However, to make a forecast which cryptocurrency will play the dominant role in the future is hard. There are many possible stable equilibria where one cryptocurrency is widely accepted and just for that reason others accept it as well. From a game theoretic perspective, currencies are coordination games. If everyone around you accepts a specific currency you will most likely do so as well. If no one does, you wouldn’t either.

In this ongoing cryptocurrency game, Bitcoin is currently the Schelling pointfor the simple reason that it was the first currency of this kind and currently therefore the biggest. Other than that, there is no good reason to join Bitcoin over an unlimited number of copies. In fact, currently a few million people are using Bitcoin. If a decent part of the world’s economy would start using Bitcoin as a currency, this would mean an incredible shift of wealth towards the early adopters. This is highly unlikely because it requires adoption of those who are not favored in any way by this wealth shift. This would only happen with a complete lack of alternatives: only if traditional fiat money widely were in acute danger of collapse and no other, more favorable crypto currencies were in place.

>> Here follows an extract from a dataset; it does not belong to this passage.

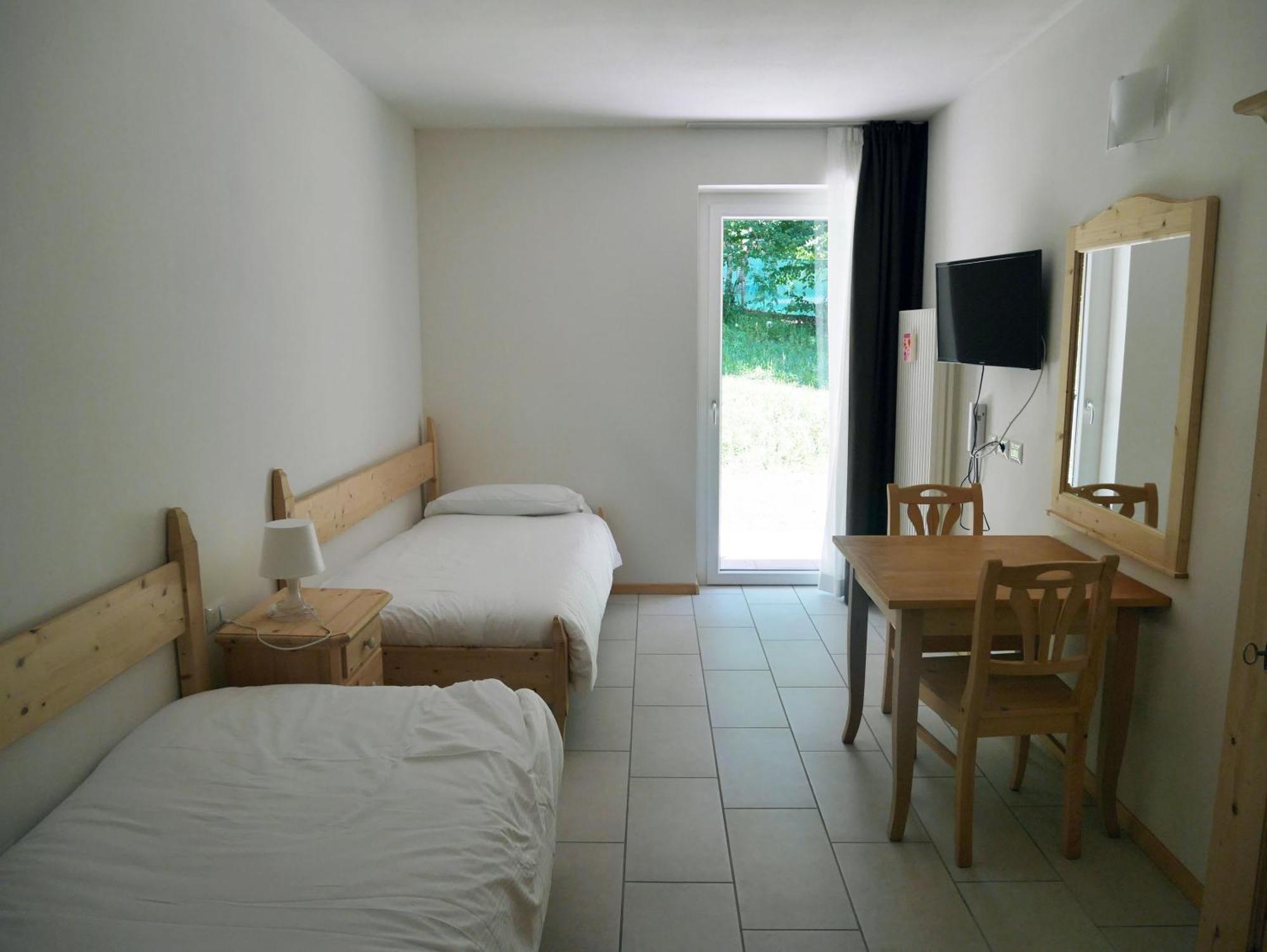 Hotel Elbele Garni Folgaria Habitación foto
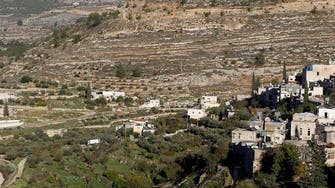 Israel says barrier to spare ancient Palestinian village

Putting aside for the moment that regulatory instances make this scenario highly unlikely, let’s imagine a few big companies like Amazon, Walmart and Apple would start a cryptocurrency together with similar rules to Bitcoin, like fixed supply and decentralized processing. The initial distribution, however, would be a mix of controlling most of the money themselves and distributing it to customers. This currency would immediately make Bitcoin irrelevant.

So the meta trend is that every entity would favor the use of a currency controlled by itself, or at least a currency that favors the entity during the initial distribution. If we continue this trend to the end, we could end up in a situation where every single person is issuing their own currency. A naïve approach where every person sets their own rules, would most likely fail in the meta game of competing coordination games due to higher complexity.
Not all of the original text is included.